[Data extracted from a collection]
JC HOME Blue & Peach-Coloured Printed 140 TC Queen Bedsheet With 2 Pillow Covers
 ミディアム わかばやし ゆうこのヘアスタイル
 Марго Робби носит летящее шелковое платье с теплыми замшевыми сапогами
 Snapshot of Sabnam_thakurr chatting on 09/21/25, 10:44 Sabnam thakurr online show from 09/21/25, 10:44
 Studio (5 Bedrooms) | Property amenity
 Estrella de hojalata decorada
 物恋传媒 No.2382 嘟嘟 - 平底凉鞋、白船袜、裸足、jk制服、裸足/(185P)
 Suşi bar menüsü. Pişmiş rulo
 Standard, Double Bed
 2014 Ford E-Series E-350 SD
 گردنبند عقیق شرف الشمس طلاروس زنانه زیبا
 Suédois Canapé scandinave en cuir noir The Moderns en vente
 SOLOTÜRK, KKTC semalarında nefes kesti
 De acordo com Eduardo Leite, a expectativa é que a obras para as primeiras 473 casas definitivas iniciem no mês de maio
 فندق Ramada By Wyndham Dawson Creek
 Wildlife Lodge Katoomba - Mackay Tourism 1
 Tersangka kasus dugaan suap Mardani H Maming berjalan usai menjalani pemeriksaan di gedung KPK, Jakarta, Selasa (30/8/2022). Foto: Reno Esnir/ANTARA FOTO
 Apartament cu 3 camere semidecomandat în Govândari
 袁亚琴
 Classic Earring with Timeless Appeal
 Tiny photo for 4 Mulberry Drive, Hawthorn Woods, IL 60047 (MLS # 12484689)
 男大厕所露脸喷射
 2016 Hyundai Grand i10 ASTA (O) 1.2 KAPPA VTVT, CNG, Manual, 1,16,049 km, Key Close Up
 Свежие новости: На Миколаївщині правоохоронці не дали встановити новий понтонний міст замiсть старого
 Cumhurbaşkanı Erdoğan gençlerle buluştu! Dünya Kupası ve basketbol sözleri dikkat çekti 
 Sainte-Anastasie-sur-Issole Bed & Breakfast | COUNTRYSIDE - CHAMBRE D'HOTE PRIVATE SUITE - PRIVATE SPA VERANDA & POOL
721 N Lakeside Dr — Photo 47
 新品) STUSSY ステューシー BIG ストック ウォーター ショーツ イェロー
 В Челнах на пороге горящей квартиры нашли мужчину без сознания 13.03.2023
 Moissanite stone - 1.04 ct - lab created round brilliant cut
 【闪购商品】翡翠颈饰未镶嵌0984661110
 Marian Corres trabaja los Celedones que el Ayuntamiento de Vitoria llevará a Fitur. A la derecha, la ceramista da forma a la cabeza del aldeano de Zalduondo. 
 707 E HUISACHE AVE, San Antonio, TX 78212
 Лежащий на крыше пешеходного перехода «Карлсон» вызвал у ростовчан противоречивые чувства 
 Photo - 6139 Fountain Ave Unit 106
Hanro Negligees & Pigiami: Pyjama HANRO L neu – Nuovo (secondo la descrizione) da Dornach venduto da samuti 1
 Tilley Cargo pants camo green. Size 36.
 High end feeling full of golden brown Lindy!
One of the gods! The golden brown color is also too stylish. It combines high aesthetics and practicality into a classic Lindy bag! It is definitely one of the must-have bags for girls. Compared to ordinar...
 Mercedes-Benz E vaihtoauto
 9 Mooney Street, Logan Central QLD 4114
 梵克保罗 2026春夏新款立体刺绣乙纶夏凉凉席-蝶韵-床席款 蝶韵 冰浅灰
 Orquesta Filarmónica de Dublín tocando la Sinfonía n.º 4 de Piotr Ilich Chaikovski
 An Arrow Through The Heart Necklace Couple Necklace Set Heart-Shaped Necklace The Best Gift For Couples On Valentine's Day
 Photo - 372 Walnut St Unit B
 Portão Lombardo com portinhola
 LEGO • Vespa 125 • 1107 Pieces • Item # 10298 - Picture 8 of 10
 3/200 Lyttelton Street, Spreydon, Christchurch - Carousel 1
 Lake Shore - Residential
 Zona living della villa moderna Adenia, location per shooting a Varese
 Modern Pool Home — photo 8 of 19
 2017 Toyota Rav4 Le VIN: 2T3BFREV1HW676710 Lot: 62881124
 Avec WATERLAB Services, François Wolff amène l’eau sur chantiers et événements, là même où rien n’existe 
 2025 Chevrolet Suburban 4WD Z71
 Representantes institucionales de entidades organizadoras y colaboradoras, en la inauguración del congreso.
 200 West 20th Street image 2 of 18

▶ WHAT NEEDS TO BE DONE
Starting with the line above that holds "Zona living della" and stopping with the line that holds "Avec WATERLAB Services, François", reproduce each line exactly, omitting all other lines.

▶ ANSWER
 Zona living della villa moderna Adenia, location per shooting a Varese
 Modern Pool Home — photo 8 of 19
 2017 Toyota Rav4 Le VIN: 2T3BFREV1HW676710 Lot: 62881124
 Avec WATERLAB Services, François Wolff amène l’eau sur chantiers et événements, là même où rien n’existe 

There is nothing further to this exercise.